City AM claims victory in Broadgate demolition campaign

City AM today claimed victory in its campaign against ‘bureaucrats’ threatening to scupper plans to demolish the Broadgate estate in the City of London.

The City of London Corporation has already approved plans to knock down the complex, which was built in the mid-1980s, to make way for a new 700,000 sq ft headquarters for investment bank UBS.

But the plan was threatened when conservation body English Heritage recommended the estate should be awarded Grade II listed status – which would have prevented its demolition – and described it as a ‘triumph of urbanism”.

During the course of its campaign City AM, which is distributed for free in and around London, received the support of several influential figures including the Mayor of London Boris Johnson and the chief executive of retailer Next, Lord Wolfson.

The newspaper said that Culture Secretary Jeremy Hunt was today expected to reject the recommendation from English Heritage.

In a comment piece City AM editor Allister Heath said the decision was a ‘small, symbolic victory in a much bigger battle against red tape”, and described English Heritage’s bid for listed status as ‘indefensible”

‘City AM is delighted to have played a major role in demonstrating the absurdly anti-growth and anti-competitive implications of listing such a development – and to marshal the growing opposition to the decision’he said.

He added: ‘What was so infuriating about the attempt to halt the redevelopment was that it took no account of the need for growth, jobs and regeneration.

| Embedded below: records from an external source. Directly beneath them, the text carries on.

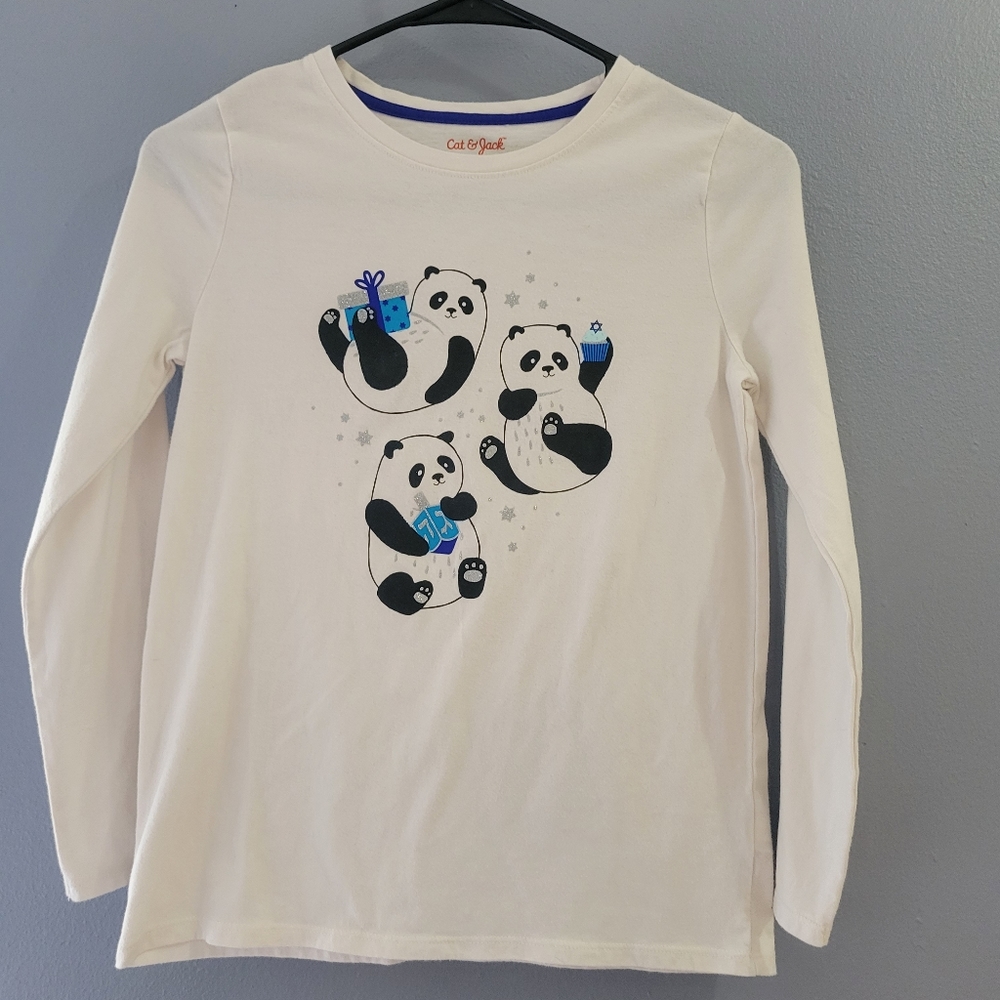 Cat & Jack girls long sleeve Hanukkah shirt size 10/12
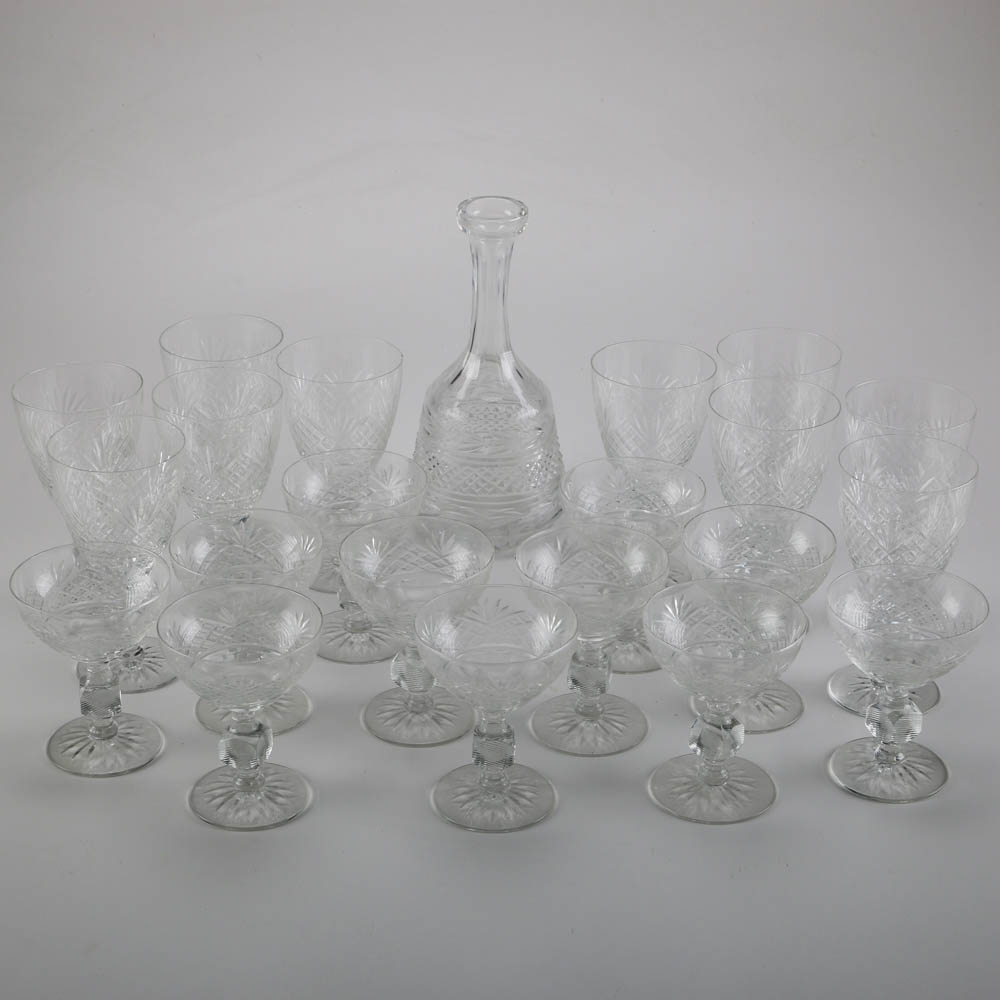Set of Twenty-One Cut Glass Wine Glasses with Decanter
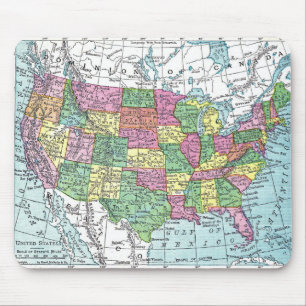 Tapis De Souris Mousepad :  Carte des Etats-Unis, 1921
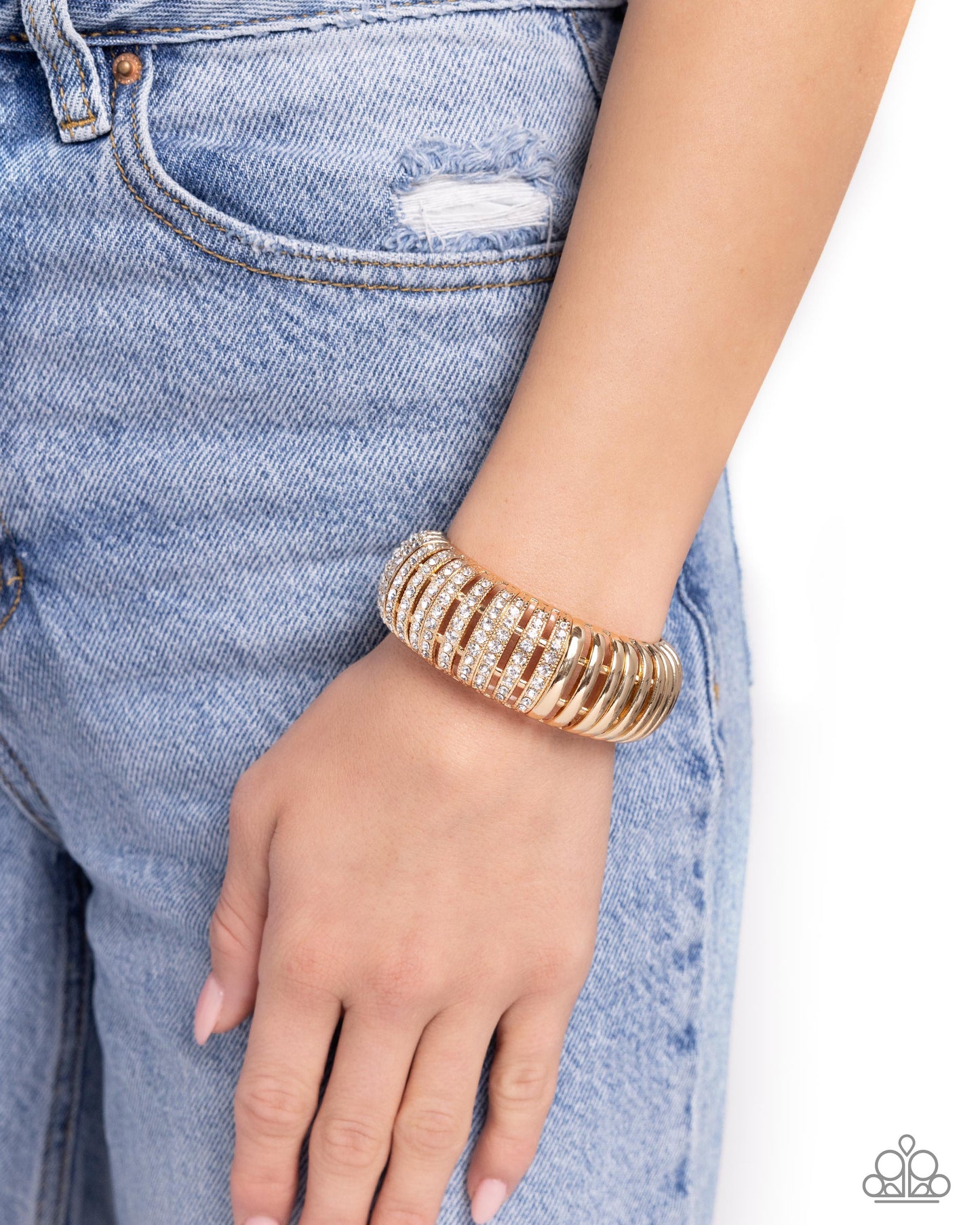 Appealing A-Lister - Gold Stretchy Bracelet - Paparazzi Accessories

‘London’s finance hub has thrived by reinventing itself, as exemplified by the transformation of the Square Mile and the emergence of Canary Wharf; if a 26-year old office block can’t be knocked down anymore, then what next? Would everything be deemed worthy of preservation, regardless of cost?

‘Down that road lies stasis, stagnation and the transformation of a dynamic economy into a fossilised, irrelevant snapshot of a bygone age.

‘It must become easier to change and adapt to modern needs in a world where talent and capital are so footloose – not harder.’